Dharam Gokhool, lui, a une analyse diamétralement opposée : « Cela ne veut pas dire que l’opposition en ressortira plus forte. Le front commun, c’est sur papier. Cela ne se fera pas dans la pratique. » Et c’est sans compter le déficit en termes de crédibilité que tous les partis doivent affronter, selon l’ancien ministre.

« Il n’y a pas d’alternative crédible à laquelle la population puisse s’identifier, assure notre interlocuteur. Les deux blocs vont faire jeu égal et il sera difficile de les départager. Il faudra que quelqu’un se repositionne pour jouer sur la frustration populaire qui est à son comble. » Peu importent les alliances qui se feront une fois venu le temps des élections, les adversaires du jour devront batailler dur pour remporter la victoire, selon lui. « Ce sera une campagne ardue. Ce sera bon pour le pays et pour la démocratie. Ils seront obligés de revoir leur programme. »

Des investisseurs frileux

Les investisseurs n’aiment pas l’instabilité. Ce truisme pourrait revenir hanter le gouvernement dans les mois à venir. Pour Jocelyn Chan Low, « la relance de l’investissement devrait en prendre un coup. La Prosecution Commission a créé la perception que le gouvernement veut empiéter sur le judiciaire. Avec ce genre de choses, aucun investisseur ne voudra mettre les pieds à Maurice. » Dharam Gokhool s’inquiète surtout pour les jeunes : « Cela fait des années que des jeunes diplômés végètent. Ils sont frustrés et une telle situation est dangereuse pour le pays. »


De l’Hôtel du gouvernement à l’opposition

La semaine a vite défilé pour le Parti mauricien social-démocrate (PMSD). Tout s’est joué entre le lundi 12 et le lundi 19 décembre. Le 12, le comité ministériel sur la Prosecution Commission est instituée et dès le lendemain, Xavier-Luc Duval préside la première réunion. Des changements sont apportés au premier draft. Les choses se passent mal, car dès le lendemain, le bruit court que le PMSD est mécontent du contenu de cette loi.

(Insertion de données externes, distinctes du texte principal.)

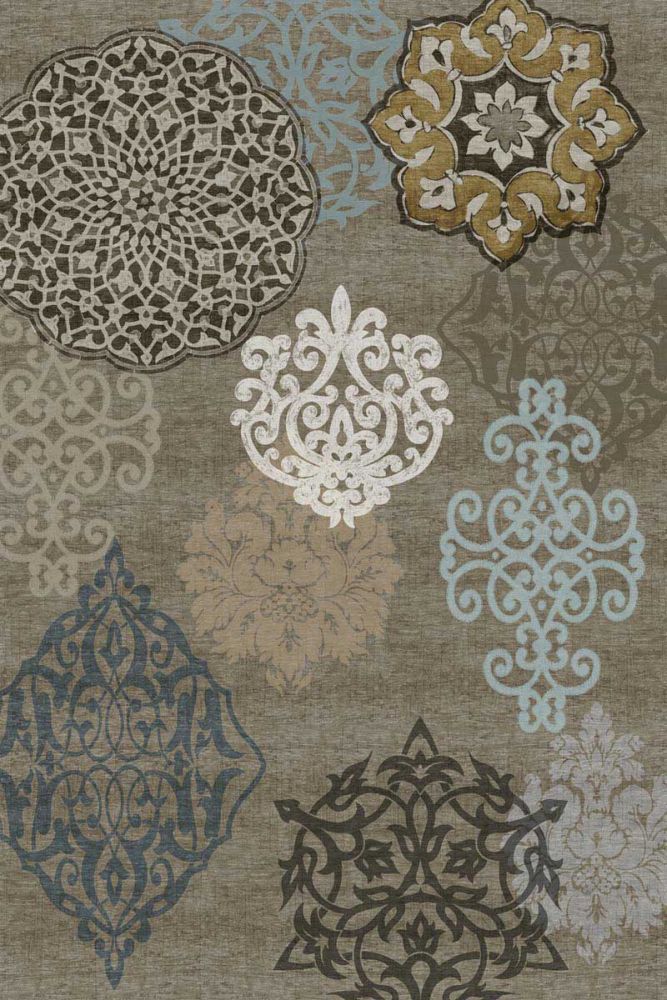 Decorative Ormanments I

Vendredi, au Conseil des ministres, la tension monte d’un cran. Le Premier ministre sir Anerood Jugnauth et son adjoint n’arrivent pas à se mettre d’accord. Le leader du PMSD juge inacceptable la clause de rétroactivité. Le chef du gouvernement l’accuse d’avoir fait fuité des informations dans la presse.

Après des consultations avec des hommes de loi, dont sir Hamid Moollan, dimanche tout le monde au PMSD sait déjà que la cassure est inévitable. Le lendemain, Xavier-Luc Duval réunit ses parlementaires à son bureau pour annoncer officiellement sa décision. Deux jours plus tard, il remplace officiellement Paul Bérenger comme leader de l’opposition après que le gouvernement a finalement décidé de renvoyer le projet de loi sur la Prosecution Commission à la rentrée 2017.

Entre-temps, les membres du PMSD sont contactés par des émissaires du gouvernement. Marie Claire Monty lance des signaux ambigus, mais c’est Ramalingum Maistry, président du parti et de la Mauritius Ports Authority, qui franchit le pas en premier vendredi. Sur Radio Plus, il déclare n’avoir pas reçu d’explications convaincantes sur les raisons ayant poussé le PMSD à quitter le gouvernement.